Diving on Saturday near Kranket Island on one of the many reefs inside Tab Anchorage my eye spied something glittery.
Unlike our dry world – full of manufactured items of a shiny nature – under the sea there is little that does not move, but shines as burnished metal. Oh, sure, there are plenty of shiny fish darting around, many of them looking as glittery as the bling on a Harley. However, a bit of stationary shine can draw the eye like a magnet to steel.
Finning along with Lorraine Collins at about fifteen metres, my eye was caught by this glitzy bit of shell:
When I set it on my hand to examine it I was struck by the similarity between its lustre and the shininess of my rings. Someday I’ll tell the two-ring story.
Then I began to wonder what it was and how it got there.

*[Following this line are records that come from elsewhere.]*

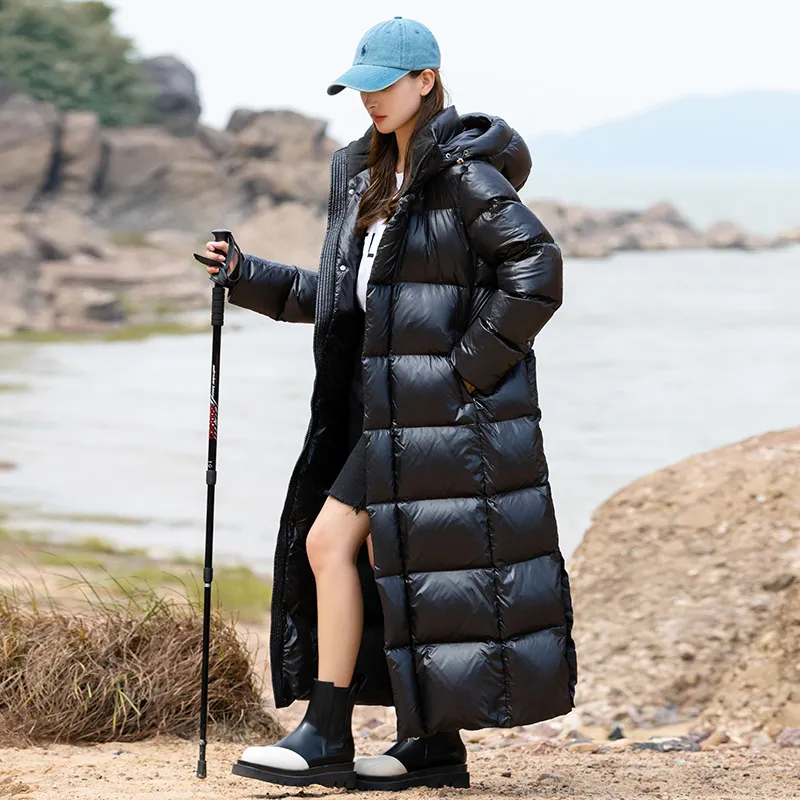 Winter Womens Goose Down Warm Jackets For Women With Hood Thickened Long  Parka Puffer Overcoat In XL Sizes S XL For Super Warmth From Tomwei,  $285.48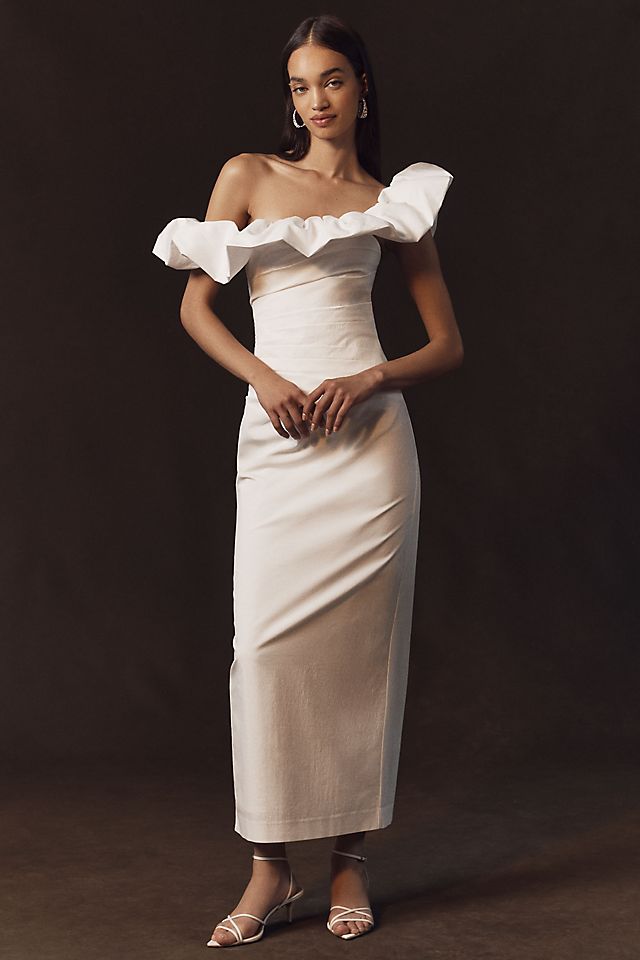 shona joy dresses Plunge Neckline Long Dress - Neutrals Dresses, Clothing - WSHJY25978 It has a square neckline and spaghetti straps Dresses Sale Shona Joy Core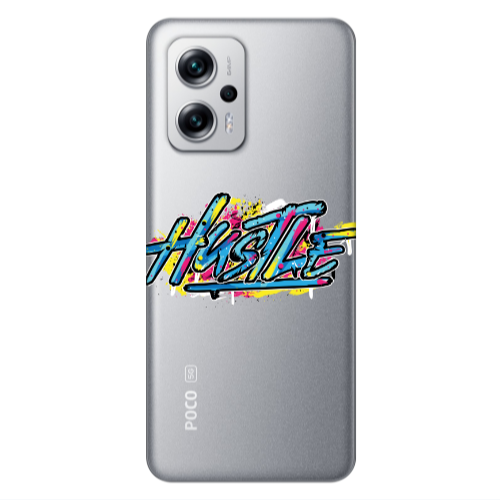 Xiaomi Poco X4 GT Hustle Transparent Silicone TPU Θήκη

What I think it is is this:
The two shells above are Penguin Wing Oysters (Pteria penguin). I think the object in my hand is the remains of an immature specimen that was attacked, crunched, and eaten probably the night before. There are many predators that forage at night and have jaws strong enough to crush the shells of bivalves to get at the tasty meal inside.
Here is another photo of a Penguin Wing Oyster. This one is completely covered by the encrusting sponge Clathria mima:
Encrusting sponge . . .
The phrase makes me think of a relative by marriage who resided next door to us. He always hung around our house and was forever needing to borrow something, mostly money.